# Hissing roach care and life span?



## Moonfall (Jan 18, 2013)

One of my first pets was a hissing cockroach I got at the age of 5. I had him for 6 years and pretty much just fed him fruits and sprayed water once in a while. His favorite were strawberries.

But most people seem shocked at the age he lived to..is it that unusual? He may have even been older, he never shed when I had him. Escaped multiple times only to be tracked down AND was brought across the country when I moved.

What do you do for care for hissing roaches? 

I want another one. I was really attached to the last roach and I loved being able to hold him, I can't hold my spiders. I'm just wondering if the care is all that different from what I did or not because evidently what I did worked...he wouldn't have lived so long if it hadn't.


----------



## JZC (Jan 18, 2013)

I love my hissers. I keep them in kk's with a water bowl and give them applesauce. Sidenote: they are best kept communally.


----------



## Moonfall (Jan 18, 2013)

How do you prevent breeding if they live in groups?

Also yikes at the cost the pet stores want for these guys I've seen them ask 30 bucks a piece...I couldn't afford a pair at that price.

If I get another (and I don't know if I will I have a lot of pets but being able to get back into bugs has made me pretty much an addict) I will be getting a pretty young one, I sometimes see babies. The only reason I can do bugs right now is they don't get myco and go to the vet all the time. My mice and rats are making me go in all the time lately.

I might do a millipede or a T as well..I don't know yet I want ALL the bugs.


----------



## JZC (Jan 18, 2013)

I got some that I will be selling in a few months...you can keep them in same sex groups so they don't breed.


----------



## Moonfall (Jan 18, 2013)

Oh wow smart me, huh? I forgot that most people can sex the little guys. I was so young when I had mine that I just said it was male. 

If I decide to get some I might send you a PM, they are so pretty.


----------



## JZC (Jan 18, 2013)

Sounds good lol! yeah you can tell because the males have big "horns" and females just have little bumps. They actually don't breed very prolifically anyway.


----------



## bugmankeith (Jan 18, 2013)

5 years is average lifespan for hissers, so at 6 yours was very old but I heard rarely 7 years! 

Mine is in a 20 gallon with repti bark substrate, very shallow water dish, and lots of wood decor I got from Petsmart in reptile section. I added dry oak leaves and rotting bark around the cage. My hissers favorite food is sliced apples, bananas, oranges, and canned papaya/mango. They eat dry cat food and also romaine lettuce, white bread, and iguana fruit pellets. I mist mine with water from a spray bottle once a day they seem to like humidity and drink water droplets. My hissers have many mites living on them, and they are very healthy so I leave them alone.

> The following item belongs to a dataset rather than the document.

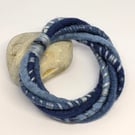 Felted cord bracelet in shades of denim blues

I'm currently breeding my own exotic hissers, I never raised them until now and it will be exciting to see if the babies will take after the parents.

I had a hisser when I was younger but he died soon. Now I learnt better care of them and my hissers are huge! 

Here is a roach website that can help with more questions you have. http://www.roachforum.com/


----------



## Moonfall (Jan 18, 2013)

Yeah mine had pretty good sized bumps so I don't know. Too bad I don't have any photos. 

He's somewhere in the garage or something I think. I collected dead insects for years and he is with them. If he ever turns up I guess I'll know.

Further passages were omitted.